I don’t know what the condition of their arms is. My suspicion is that if you don’t have a constant supply and upgrading of arms, then your military capacity diminishes. For all I know, they may have that capacity and may be renewing it, but we haven’t seen any signs.
The last time the Zapatista army and the Mexican military exchanged gunfire was on June 10, 1998 in what is now called San Juan de la Libertad. The army tried to dismantle the autonomous muni- cipality and ten people were killed. That massacre—nine of the ten people killed were civilians—ended when the Zapatistas started firing back. That was the first time they had fired back in awhile.
The weapon of the Zapatistas has been the word, not the gun; “el fuego y el palabra” [fire and word], and el palabra is certainly more dominant at this stage of the game.
One thing you have to remember is that one guerrilla fighter is worth ten fighters in a standing army, particularly in a terrain where people know the landscape and where to hide. We saw this first in 1994 when the army chased the Zapatistas back into the jungle and again in 1995 when the army invaded the jungle and the Zapatista communities abandoned ship and started moving down the river banks.
The army is at a real disadvantage in the jungle. I think the Zapatistas would be able to stand off the military for long enough that it wouldn’t be worth the military’s time to continue.
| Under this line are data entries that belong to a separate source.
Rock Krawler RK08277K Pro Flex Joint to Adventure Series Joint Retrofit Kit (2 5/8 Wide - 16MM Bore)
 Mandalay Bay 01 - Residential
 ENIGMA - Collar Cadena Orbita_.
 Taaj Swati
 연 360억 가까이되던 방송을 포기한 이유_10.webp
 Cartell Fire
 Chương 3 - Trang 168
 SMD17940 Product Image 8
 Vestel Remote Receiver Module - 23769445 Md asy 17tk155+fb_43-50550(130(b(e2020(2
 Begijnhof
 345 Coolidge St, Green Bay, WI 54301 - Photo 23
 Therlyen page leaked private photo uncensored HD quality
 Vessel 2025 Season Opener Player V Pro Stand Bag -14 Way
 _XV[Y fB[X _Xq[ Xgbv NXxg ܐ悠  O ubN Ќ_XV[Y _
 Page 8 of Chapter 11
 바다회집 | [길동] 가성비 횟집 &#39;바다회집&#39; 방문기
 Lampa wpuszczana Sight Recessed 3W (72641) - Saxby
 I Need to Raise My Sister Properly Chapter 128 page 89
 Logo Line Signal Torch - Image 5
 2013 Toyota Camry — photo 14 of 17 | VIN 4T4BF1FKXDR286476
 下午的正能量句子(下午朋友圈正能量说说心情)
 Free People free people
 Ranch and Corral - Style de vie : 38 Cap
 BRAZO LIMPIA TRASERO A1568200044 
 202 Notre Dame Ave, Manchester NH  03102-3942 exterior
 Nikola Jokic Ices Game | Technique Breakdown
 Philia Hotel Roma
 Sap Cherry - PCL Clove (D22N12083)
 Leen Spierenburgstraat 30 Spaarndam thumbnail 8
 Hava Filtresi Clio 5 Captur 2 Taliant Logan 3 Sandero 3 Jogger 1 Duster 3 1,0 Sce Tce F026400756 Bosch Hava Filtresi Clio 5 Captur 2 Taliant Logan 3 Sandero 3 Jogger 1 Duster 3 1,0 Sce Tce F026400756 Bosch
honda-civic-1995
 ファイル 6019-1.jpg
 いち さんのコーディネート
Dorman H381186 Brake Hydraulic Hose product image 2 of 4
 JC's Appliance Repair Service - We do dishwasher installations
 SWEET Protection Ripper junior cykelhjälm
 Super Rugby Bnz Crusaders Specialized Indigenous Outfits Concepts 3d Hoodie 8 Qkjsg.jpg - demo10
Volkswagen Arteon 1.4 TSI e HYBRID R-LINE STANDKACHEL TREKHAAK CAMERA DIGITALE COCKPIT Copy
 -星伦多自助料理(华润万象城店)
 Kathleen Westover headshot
Can we talk about what’s happening with genetically engineered corn in Chiapas?
We don’t know much about transgenic corn in Chiapas, except that people are very, very afraid of it. We do know what’s going on with transgenic corn in the next states over: Oaxaca and Puebla. In 2001, through some strange circumstances, a small village in the Sierra del Norte of Oaxaca discovered that their cornfields were contaminated by transgenic corn—specifically, Bt corn. The story is that once NAFTA kicked in, the amount of corn imported to Mexico increased from year to year. It’s currently around six million tons and will probably be a little more next year.
We have good reason to believe that four million of those six million tons are transgenic corn. U.S. farmers can’t sell that corn in Europe or Japan so we think they’re dumping it across the border.
Years ago, trying to sort out the animal and human corn that was coming into the country, green dye was put into the box cars for the animal feed. Within weeks green tortillas were showing up in the Mexican market. There is no distinction between the two; one is a pretext for the other.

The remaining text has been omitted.